Addressing Key Farming Challenges Now and for the Future

  1. Fertilizer use-efficiency: The overuse and inefficient use of fertilizer has severe impacts on soil and ecosystem health. Additionally, producing and applying excessive volumes of fertilizer wastes a tremendous amount of energy. In the US, fertilizer use-efficiency is only about forty percent. Attention and resources are needed to engage chemical engineers to develop better solutions that are not immediately soluble and will minimize degradation and pollution.

  2. Region-by-region yield gap: Across the world, there are significant discrepancies between regional crop yields caused by limited understandings of best practices. Knowledge-sharing initiatives with national-level support are one strategy to improve yields. Dr. Lal led a 1971 study in Nigeria that produced a five-fold yield increase by incorporating no-till methods and core residue mulching.

  3. Food for megacities: There are currently twenty-eight megacities in the world with the city of Lagos, Nigeria, projected to reach a population of ninety-three million by 2100. Producing food within city limits for the local people is a key need in these locations. Urban farming, home gardening, even growing a few tomato plants in pots, will help. Developing means to safely and hygienically recycle nutrients that enter the city and waste produced within will be an important advancement.

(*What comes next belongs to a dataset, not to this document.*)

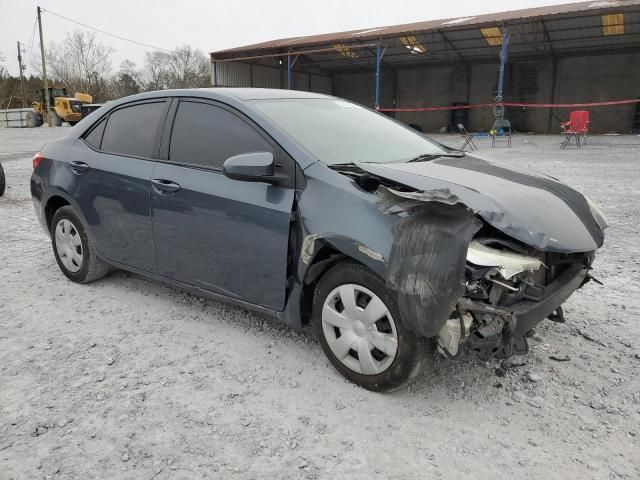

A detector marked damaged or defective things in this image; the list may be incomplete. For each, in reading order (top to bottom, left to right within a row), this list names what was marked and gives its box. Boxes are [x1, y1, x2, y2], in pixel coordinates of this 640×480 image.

damaged sedan [31, 88, 608, 392]
crumpled hood [360, 156, 604, 253]
detached bumper piece [458, 262, 588, 360]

  4. Plant-based diet: It is important to consider responsible strategies for feeding a projected population of eleven billion people with a healthy diet. The nutrients, water, and land required for animal-based protein production are much higher than those required for plant-based protein. Relying on the prevalent animal-based diet requires careful reconsideration. Plant-based diets have notable health benefits and are more environmentally sustainable.

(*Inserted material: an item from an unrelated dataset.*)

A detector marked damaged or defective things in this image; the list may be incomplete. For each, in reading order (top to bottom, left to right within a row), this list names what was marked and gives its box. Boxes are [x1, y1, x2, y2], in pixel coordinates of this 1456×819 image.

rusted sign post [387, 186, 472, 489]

  5. Supporting farmers to promote soil health: Farmers and land managers are the front-line actors in charge of how soil is maintained. Incentive schemes are one possible policy that can be used to encourage investment in best practices to build SOM. To this end, it would be necessary to develop methods of monitoring and modeling soil health under field conditions that farmers and policy makers can relate to and understand.

There is no waste in nature. ©Masaki Ikeda/Wikimedia
There is no waste in nature. ©Masaki Ikeda/Wikimedia

Harnessing Waste is Critical for Soil Health


In nature, there is no such thing as waste. You can use what we call waste, whether it is animal or agricultural, to produce energy or to convert it into humus or compost for enhancing the soil. Soil dies when we take away the so-called waste (corn stalks or wheat chaff, for instance) that serves as food for soil-friendly organisms that convert it into SOM to feed healthy plants.


Enhancing SOM content is the critical strategy for making soil and agriculture important solutions to the environmental problems of the twenty-first century.

 

*Rattan Lal, Ph.D., is a distinguished professor of Soil Science in the School of Environment and Natural Resources and director of the CFAES Rattan Lal Center for Carbon Management and Sequestration at The Ohio State University.